■ Task goal
Repeat word for word the lines from the top of the records through the line containing "Un comedor moderno", and skip the pictures.

Captioned web images:
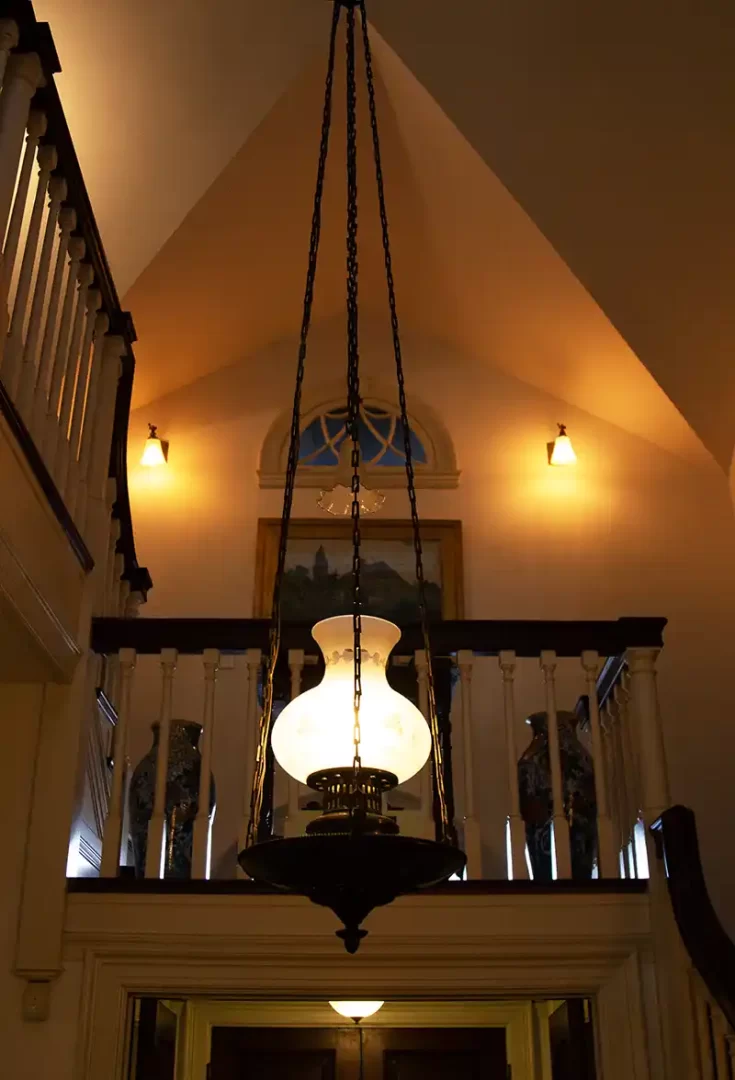 Photo looking up at the stairs from the Athenaeum foyer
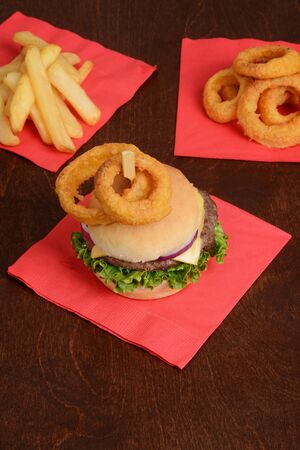 top view of hamburger with onion rings on topの写真素材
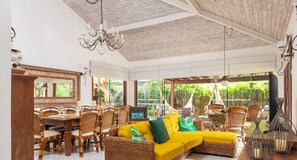 Un espacio interior amplio con un sofá grande de mimbre, una mesa de comedor y sillas.
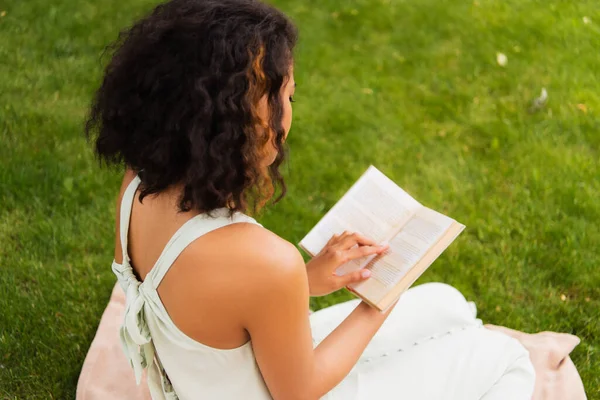 Curly african american woman in dress reading book and sitting on blanket on green lawn — Stock Photo
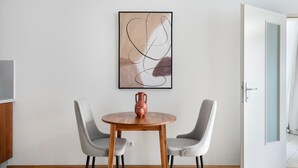Un comedor moderno con una mesa redonda de madera, dos sillas grises tapizadas y un jarrón decorativo.
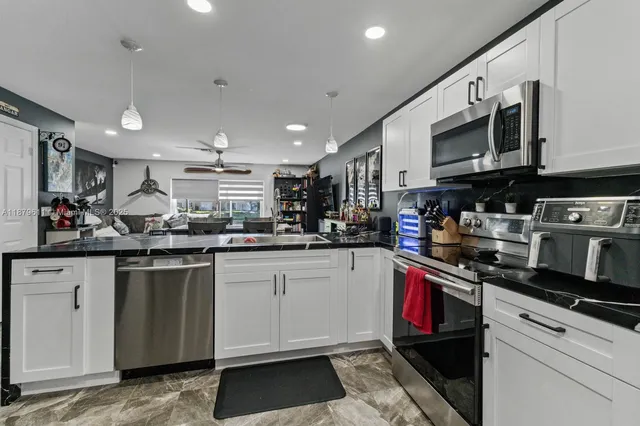 $399,999 | 8532 West Southgate Shores Circle, Tamarac, FL 33321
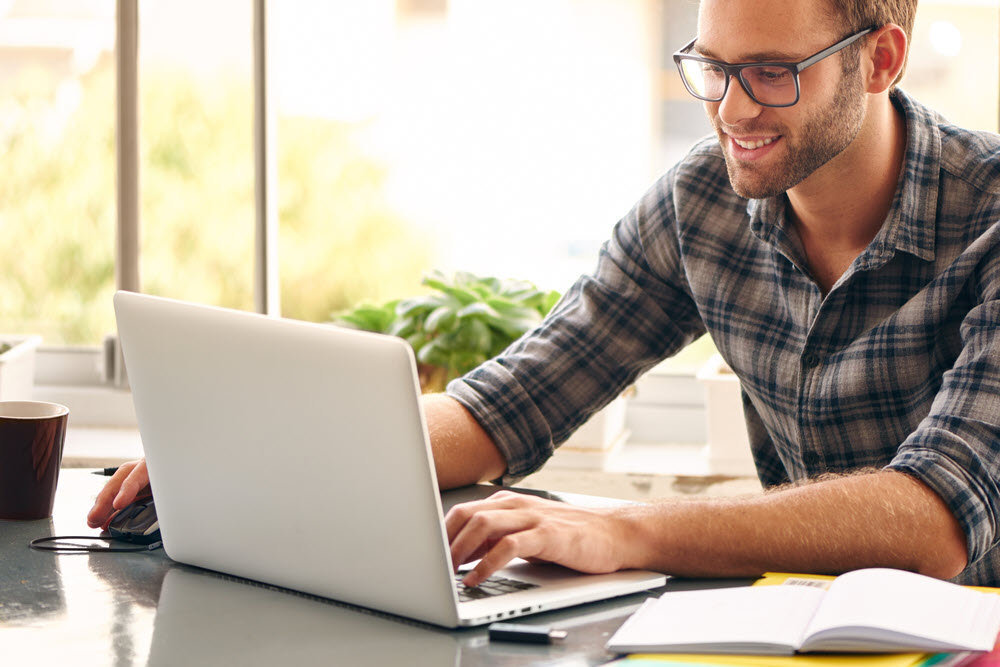 a smiling man typing on his laptop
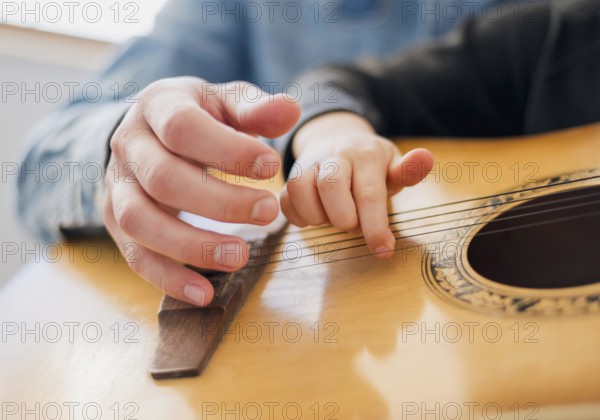 Low angle teacher child holding guitar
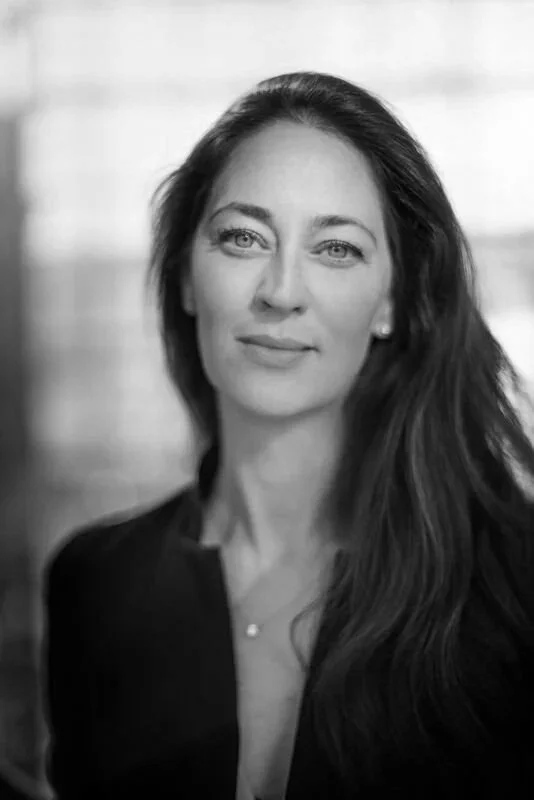 A woman with long brown hair and blue eyes posing for a portrait indoors with a blurred background.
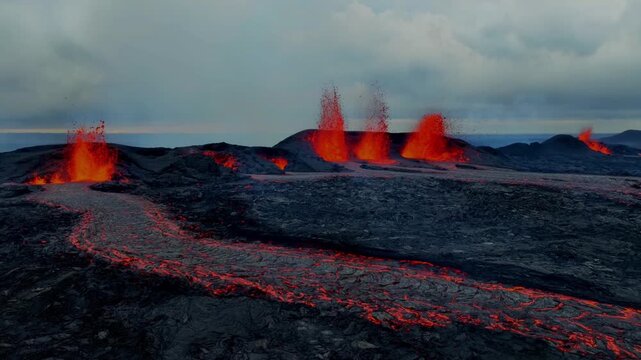Aerial view of active volcno eruption with flowing lva rivers and craters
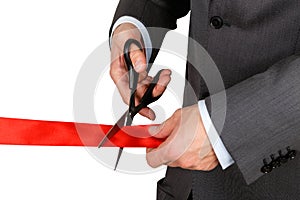 Businessman in suit cutting red ribbon with pair of scissors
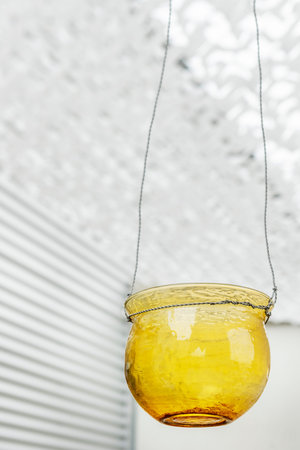 Empty yellow glass candle holder with industrial metal wall background and white awningの写真素材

■ Solution for this task
 Photo looking up at the stairs from the Athenaeum foyer
 top view of hamburger with onion rings on topの写真素材
 Un espacio interior amplio con un sofá grande de mimbre, una mesa de comedor y sillas.
 Curly african american woman in dress reading book and sitting on blanket on green lawn — Stock Photo
Un comedor moderno con una mesa redonda de madera, dos sillas grises tapizadas y un jarrón decorativo.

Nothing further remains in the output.